The last named theory has been bandied about quite a bit of late. Probably by those unfortunate folks who got all excited by an ever-rising bull market and got in pretty much near the very top. I have been there and done that, and lost a pile of money.
But that didn't make me go out and search for a new theory. It taught me that to make money in the stock market, you can't jump in feet first without any inkling about what the market is all about, and how some companies make real profits in a sector while many do not.
You've got to pay your dues. By losing money, and by spending the time and effort to learn how to analyse a company by studying the Annual Report in detail AND how to look at technical charts to analyse the supply-demand mismatch in the market.
You can pick the best company and buy it near the market top, and you may not make any money for years. You buy the same company near a market bottom and sell it when it gains 25% or 50%, and you can miss a multibagger.

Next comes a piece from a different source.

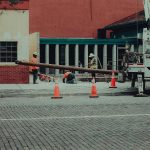 Street construction site with workers and equipment in an urban setting. Ideal for industry-themed projects.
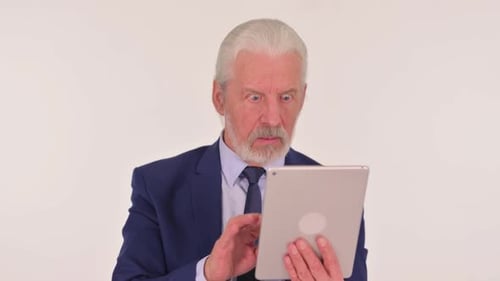 Senior Man Reacts to Tablet on White Background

However unexciting and boring it may sound, investment is serious business. It requires patience, perseverance and discipline - not only to build serious wealth, but to keep it from disappearing.
There lies the main problem with trading. You make money fast, and you lose it faster. The odds are better in a casino. After you pay the brokerage and your taxes, you may find that you would have been better off keeping the money in a savings bank.
Strong, well-managed companies have various ways of rewarding their shareholders. A bonus this year; a rights 3 years later; regular dividends; share buy-backs. After a few years you find that your 100 shares have become 350, plus the market value has tripled. There is one condition. You have to stay the course. Flitting in and out of stocks will only make your broker rich.
Take the example of ICI Ltd. A staid paints stock that was going abegging at Rs 85 in 2002. In the seven years since, it has paid a total dividend of Rs 85 per share. No bonus. No rights. A share buy-back last year, and the stock is at Rs 500! I'm still holding.
What do you think, dear reader? Do you feel the buy and hold strategy may be the way to long term wealth? If not, why not?